Emek Partisi’nin (EMEP) düzenlediği Kapitalizm Kıskacında Tarım, Gıda ve Emekçiler Sempozyumu; üreticiler, akademisyenler ve konunun uzmanlarının katılımıyla bugün Ankara’da yapıldı. Makine Mühendisleri Odası Eğitim ve Kültür Merkezi’ndeki sempozyumda üreticiler, ekonomik kriz nedeniyle yaşadıkları sorunları dile getirdi.
"KÖY TASFİYE OLUYOR"
Sempozyumun “Dünya’da ve Türkiye’de Tarım” konulu oturumda, Ankara Üniversitesi Siyasal Bilgiler Fakültesi’nden Prof. Dr. Metin Özuğurlu, "Şehir nüfusu ilk defa kır nüfusunu geçti. İnsanın doğayla ilişkisinde, müşterek ihtiyaçlar çerçevesinde tarım yerini sanayiye bırakıyor. Köy, tasfiye oluyor, yerimi kente bırakıyor. Bir tarihsel akış olarak resmetmek anlamlı olabilir. Üretici güçlerinin gelişmesinin etkileri olarak düşünebilir ama bu aynı zamanda uygarlık tasfiyesidir" dedi.

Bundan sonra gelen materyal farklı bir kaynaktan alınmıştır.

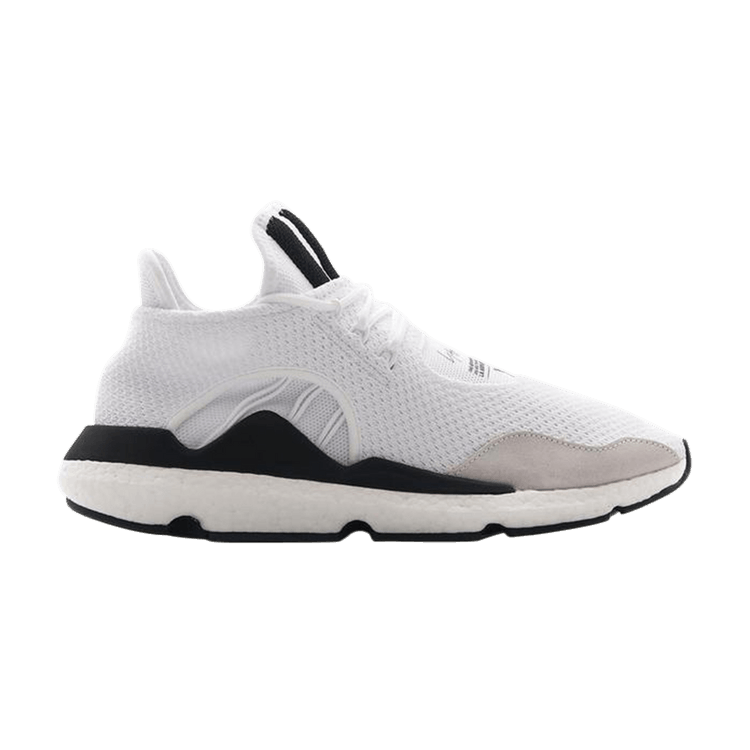 

Кроссовки Y-3 Saikou 'Core White', белый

Ege Üniversitesi Ziraat Fakültesi’nde öğretim görevlisi olan Dr. Fatih Özden ise çiftçilerin kendi ürettiği ürüne yabancılaştığını ve Türkiye’de de buna benzer durumların yaşadığını söyledi.
Ziraat Mühendisleri Odası Genel Başkanı Baki Remzi Suiçmez de tarımın dünü bugünü ve geleceği hakkında değerlendirmelerde bulundu.
Emek Partisi Genel Başkanı Ercüment Akdeniz ise, “AKP’nin ajandasında, tarımsal üretim, dağıtım ve pazarlamada rol oynayan tüm kurumların satılması, tarım desteklerinin atılması, küçük üreticilerin tarım şirketlerinin karşısında korunmasız bırakılması vardır. Tohumdan, yeme, ilaçtan gübreye dışa bağımlılığın artması… Gıda güvenliğinin yerine tedarikçilik vardır” diye konuştu.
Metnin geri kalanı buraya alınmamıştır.